Automated Proactive Network Management (PNM) is no longer an afterthought or a luxury but is considered table stakes when it comes to maintaining Comcast’s vast HFC (hybrid fiber-coaxial) network. Our networks experience a wide range of conditions that can degrade their performance over time. These conditions include issues such as loose connections between components, cracks and breakages in lines, disruptive energy, and signal impediments, all of which are inherent challenges in maintaining our constantly evolving network. The process of early detection and efficient mitigation minimizes service disruptions, reduces downtime, and leads to a better customer experience.
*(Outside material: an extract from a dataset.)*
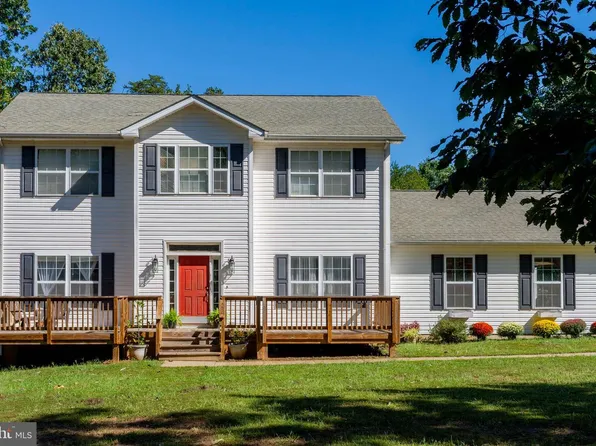 41 Shannon Glen Ct, Louisa, VA 23093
Identifying the specific nature and root cause of network impairments also enables us to route repair technicians to the appropriate location, and reduces Mean Time to Repair (MTTR), thereby driving operational efficiency. Deploying OFDMA (Orthogonal Frequency Division Multiple Access) in the mid-split region of the spectrum has allowed us to offer ~3-10x higher upstream speeds to customers and is also an important steppingstone toward offering multi-gig symmetrical services using FDX (Full Duplex) under our 10G roadmap. D3.1 OFDMA allows the use of higher modulation levels up to 4096-Quadrature Amplitude Modulation (QAM) and provides up to 2x efficiency increases when compared to Single Carrier QAM levels of 64-QAM. Profile Management Application (PMA) systems are being used to manage OFDMA Profiles as described in our previous SCTE contribution [1]. However, PMA can also mask network impairments at a cost to capacity as an inherent component of its functionality. Therefore, it is critical to develop systems to perform PNM to reduce the impact of network impairments and enable the highest possible capacities and speeds. In this paper, we describe the use of Convolutional Neural Networks (CNNs) to identify network impairments within the mid-split region and share the current performance of our machine learning (ML)models. This effort is similar to our previous efforts to identify network impairments in OFDM and Downstream Single Carrier QAM (DS-SC-QAM) sections of the spectrum as described in our previous SCTE contributions [2,3].